Count of non-consecutive Ones in Binary range
Last Updated : 14 Oct, 2023
Given two positive integers 'L' and 'R', the task is to return the number of the integers in the range [L, R] inclusive, whose binary representations do not contain consecutive ones where 0 ≤ l ≤ r ≤ 10^9
Examples:
Input: L = 0, R = 3
Output: 3
Explanation: The 3 numbers are 0(00), 1(01), 2(10) 3(11) is not included as its binary representation contains consecutive ones
Input: L = 5, R = 10
Output: 4
Explanation: The 4 numbers are 5(101), 8(1000), 9(1001), 10(1010)
If we say G(x) tells the number of such integers between 0 to x (inclusively) without consecutive 1's in their binary representation, then the number of such integers between L and R can be given by G(R) – G(L-1). This is when Digit DP (Dynamic Programming) comes into action. All such integer counting problems that satisfy the above property can be solved by the digit DP approach.
Intuition:
If we use the Digit DP approach to build all the binary String from the [ 0, R ] range and [0, L-1] range. then return Numbers in [0, R] range - Numbers in [0, L-1] range. So, we have only 2 digits to form the binary number i.e. 1 and 0.

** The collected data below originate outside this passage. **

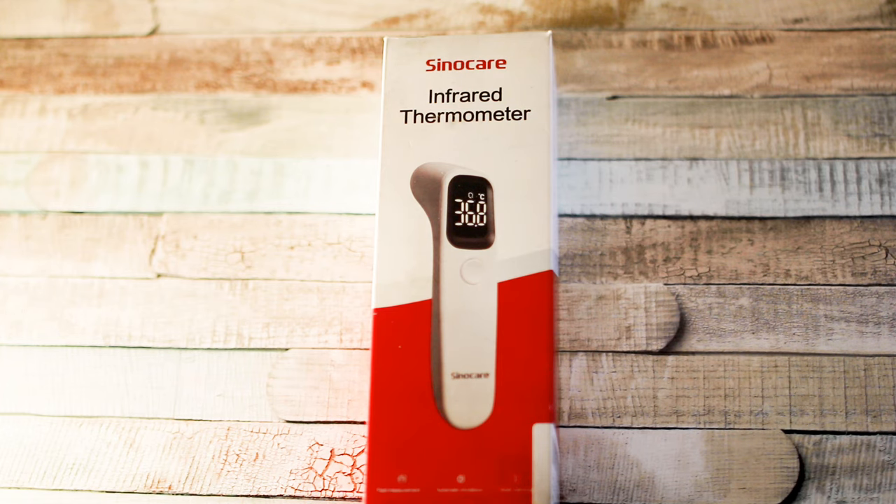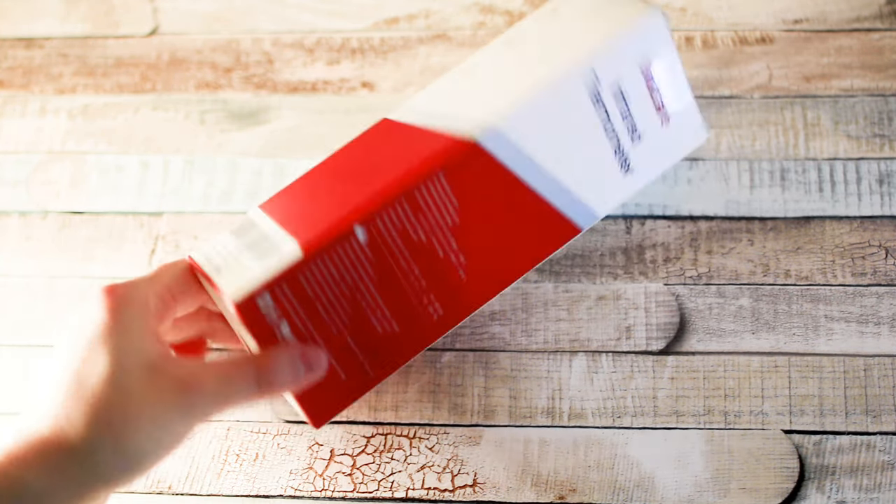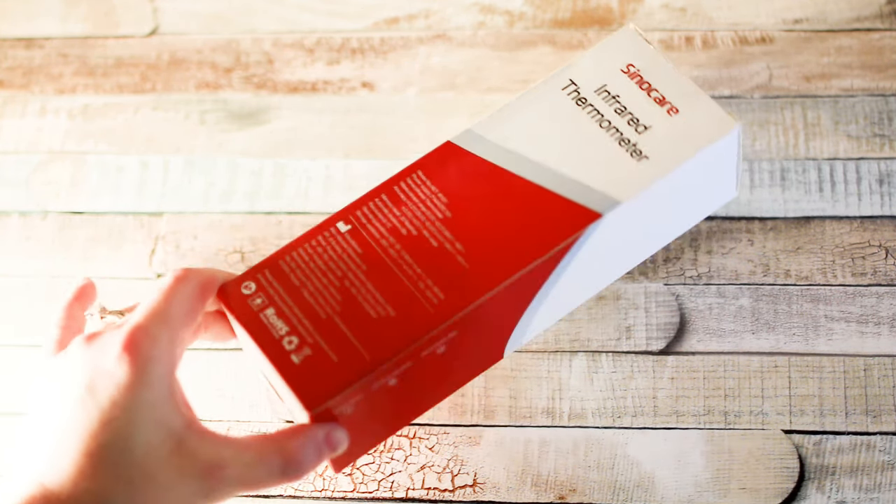Hey everyone, today I have a CenoCare infrared thermometer I'm going to check out for the first time. Still 100% boxed as it was, so I'm going to take it out, take a look, and see if we can give it a try.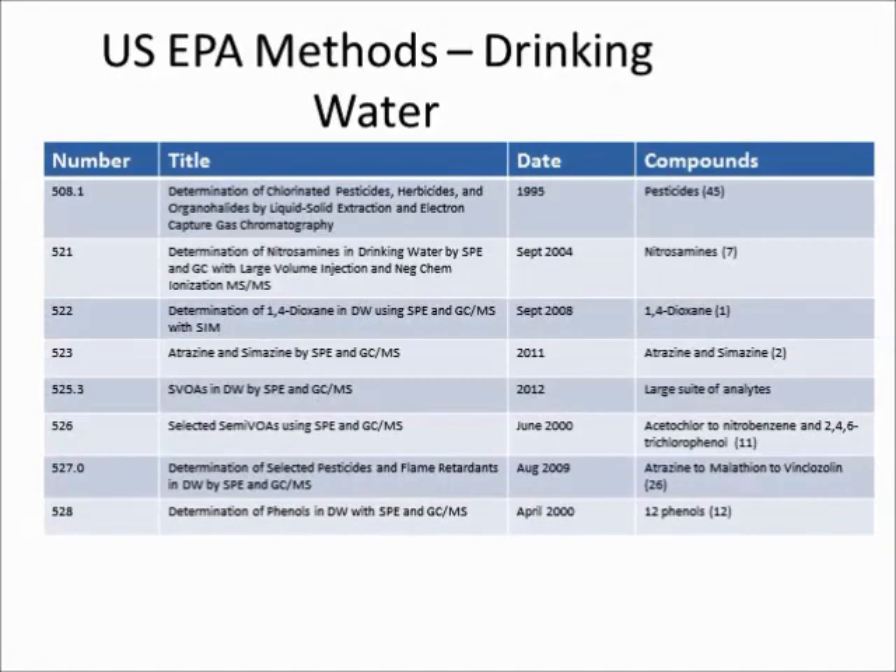Although we've been most concerned about particulated samples in this video, there are a number of EPA programs that have developed methodologies using SPE for both clean and dirty samples. There are a number of drinking water methods that have SPE written right into them, and this list and the next slide show those methods.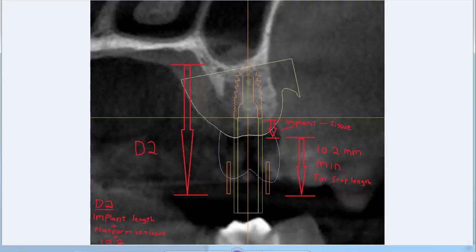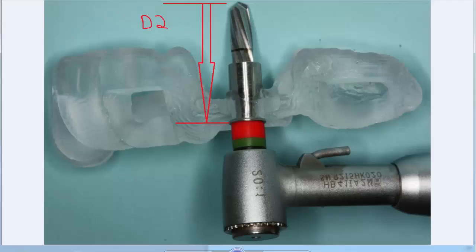You can always add a millimeter or two to increase your D2 length if you're not entirely sure of the distance from the crest of the gingiva down to the implant platform. Visually, once the drill stop engages the silicone stops, from that point to the tip of your drill is your D2 length.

Steps to solve the above approach:
- The algorithm iterates through each digit position of the binary representation of 10^9 i.e. it's 32-bit long.
- It keeps track of the previous digit, whether it's 0, 1, or an initial state
- It considers a "tight" flag that determines the upper bound of the current digit based on the previous digits and the given range.
- It recursively calculates the count of valid integers by considering all possible digits at each position, excluding combinations with consecutive 1s.
- The algorithm sums up the counts from all recursive calls and memoizes the result for future use.
- Finally, the algorithm returns the count of valid integers within the given range by subtracting the count of valid integers from the [L, R] range inclusively.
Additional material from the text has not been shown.